(01-17-2015 10:33 PM)ken d Wrote: In a way, I can understand this. I believe BC has more scholarship athletes than any school in the ACC, and one the most in the NCAA. This is going to cost them a pile of money.
Here's a question I haven't heard addressed. If schools are going to pay cash for costs above room, board, etc., are they going to pay the same amount to athletes on partial scholarship as the ones getting a full ride? The same question would apply to the amounts schools are about to pay for the use of an athlete's image. How can you prorate that? If you have one baseball player on full scholarship and another on a partial scholarship, and they both play in the same game on TV, how do you justify paying one of them more than the other? How about the scholarship football player who sits on the bench the entire season? Or the walk-on who actually plays? Or the field hockey player or volleyball player whose team is never on TV?
This is going to get complicated.
I'm going to ignore the part of your post that is essentially asking "how do you decide which athletes should have a scholarship and how much should they get?"
In regards to the question of "will this apply to partial scholarships?", I'm going to speculate (pull a guess out of my you know what).
Think of it like this: at the end of the day, every student athlete has an bill due to the school that must be paid every semester, quarter, whatever. That bill covers: 1) tuition and fees that every student must pay, 2) meal plan, if they choose to have one*, 3) room, if they choose to live in university owned/operated housing, 4) misc. costs that can be charged to a student account (this is most likely things like parking/bus pass and book store charges, which aren't necessarily limited to books**)

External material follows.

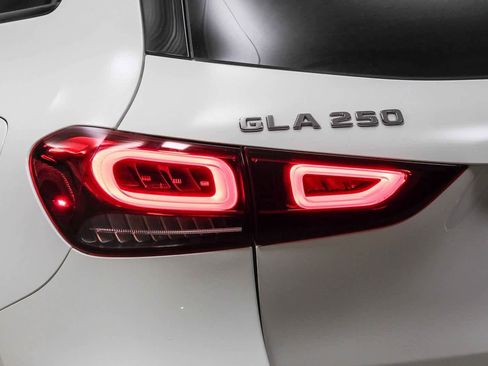 Certified 2022 Mercedes-Benz GLA 250 image 7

* - in regards to food, the NCAA recently made it so that schools can spend an unlimited amount of money on as much food as they want to provide for players. At very large programs, it may be that there is a private dining hall just for athletes which will provide every ounce of food. Or perhaps all food for athlete will be special catered. At smaller schools, this may mean that the school will pay for every athlete to have an unlimited pass to the school's dining hall(s). Or maybe a combination.

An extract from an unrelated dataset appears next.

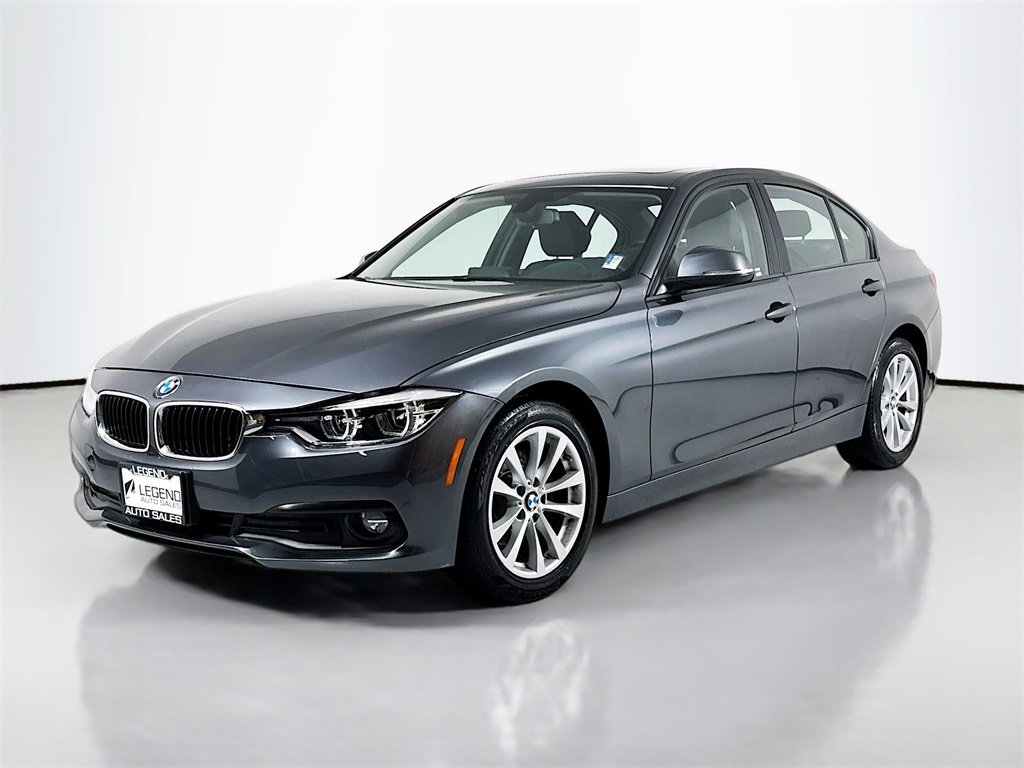 Used 2018 BMW 320i xDrive Sedan image 1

But the point is that it makes me wonder if food is going to be treated separately from scholarships. In other words, if they're just going to say that a school is responsible for providing every athlete on every roster with the amount of food and in the way that each school deems best and so feed will no longer count as part of a scholarship anymore.
** - take note that most school book stores pretty much allow you to charge anything in the store to a student account, rather than paying in cash or credit on the spot. So while books are universally understood to be "required" (though that's even debatable these days), are things like an iPod or a school hoodie required expenses?
So that said, the student (or his parents/guardians) have to pay that bill, one way or another.
Let's say that bill is $10k for a particular semester.
The previous understanding is that an athlete on "full scholarship" would get $10k while an athlete on "half scholarship" would get $5k, which pays for all or half of the semester bill, respectively.
Now however, the athlete on "full scholarship" would get $10k PLUS let's say $2.5k on top of that for "COL expenses". But the athlete on "half scholarship" would still only get $5k. Because that pays for half of the bill he owes to the school.
Why would that be true? Because, think about it. What's the actual difference between an athlete with a "half scholarship" ($5k) who receives no COL expenses and an athlete with a "quarter scholarship" ($2.5k) who then receives $2.5k COL expenses on top of his scholarship? They both owed $10k and they both received $5k in money as basically an athletic grant.
So the COL expenses money on top of a scholarship is really only relevant to an athlete whose scholarship is already taking care of his entire semester bill.
You could say that if the athlete on half had then received the COL expenses it would be as if he was really on a 3/4th scholarship. That's true, but my point is - why call that extra $2.5k "for COL expenses"? Why not just put him on actual 3/4th scholarship?
If that ends up being correct at the end of the day, then the school will in fact not be on the hook to provide the COL on top of every scholarship for every athlete on every roster.
They just have to be careful to balance the dollars between men and women!